Nanoparticle-based delivery. Nanoparticles are employed in various therapeutic approaches for innovative drug delivery strategies. Various techniques exist to form nanoparticles from biodegrable polymers to liposomes with selective targeting. We use double emulsion technique to form PLGA and PCL nanoparticles. We form chitosan nanoparticles using tripolyphosphate (TPP) anions. Similar technology also exists to form gelatin nanoparticles. In addition, we form liposomes and derivatize with holo-transferrin and polyethylene glycol. We use these particles in combination with various porous templates in tissue regeneration.

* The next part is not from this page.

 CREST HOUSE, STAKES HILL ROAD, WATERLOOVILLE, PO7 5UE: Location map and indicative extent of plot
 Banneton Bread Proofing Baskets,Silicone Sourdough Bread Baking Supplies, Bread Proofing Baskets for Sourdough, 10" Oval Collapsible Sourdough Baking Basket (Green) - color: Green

Microfiber-based delivery. Alternative to nanoparticle-based encapsulation is to form drug-containing micro or nanofibers. We work on using novel electrospinning technology to form various drug-containing fibers. In order to control the release rate, we create co-axial and triaxial fibers from combinations of polymers that possess both required mechanical properties and biological properties. One could use these mats of fibers along with hydrogels and create a heterogeneous environment. Further, we can release various molecules selectively and sequentially for the differentiation of cells.

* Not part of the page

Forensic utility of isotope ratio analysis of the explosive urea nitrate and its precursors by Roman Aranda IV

- Transdermal Drug Delivery
Development of transdermal drugs requires the identification of suitable delivery mechanisms. Much effort has been directed towards the search for specific chemical or chemical combinations that could enhance drug penetration. However, effective chemical penetration enhancers (CPE) themselves permeate skin thereby eliciting some undesired reactions. Reliable and quantitative models for predicting precutaneous penetration and irritation as a function of chemical structure are required. The development of these models enables us to virtually screen for viable penetration enhancers thereby reducing the need for expensive experiments. The major goal of this project is to integrate non-linear, theory-based quantitative-structure-property-relationship (QSPR) modeling and robust genetic algorithms (GAs) to facilitate the design of improved CPEs. This is a collaborative project with Dr. Khaled Gasem at OSU. Currently, a project assessing the transdermal delivery of insulin is pending in NIH. If successful, this will have a significant impact on delivery systems.
- Oral Delivery
In this cutting edge technology, pH-sensitive hydrogels are loaded with insulin and can be administered through the oral cavity. Unique feature of these hydrogels are that they form interpolymer complexes in an acidic environment and protect the insulin from the harsh stomach environment, a challenge to overcome for oral drug delivery. Insulin is safely released in the intestine due to the swelling of the carrier matrix at high pH and the delivery rate is influenced by particle size. Oral administration of insulin showed responses similar to subcutaneous delivery, suggesting the successful delivery of insulin orally.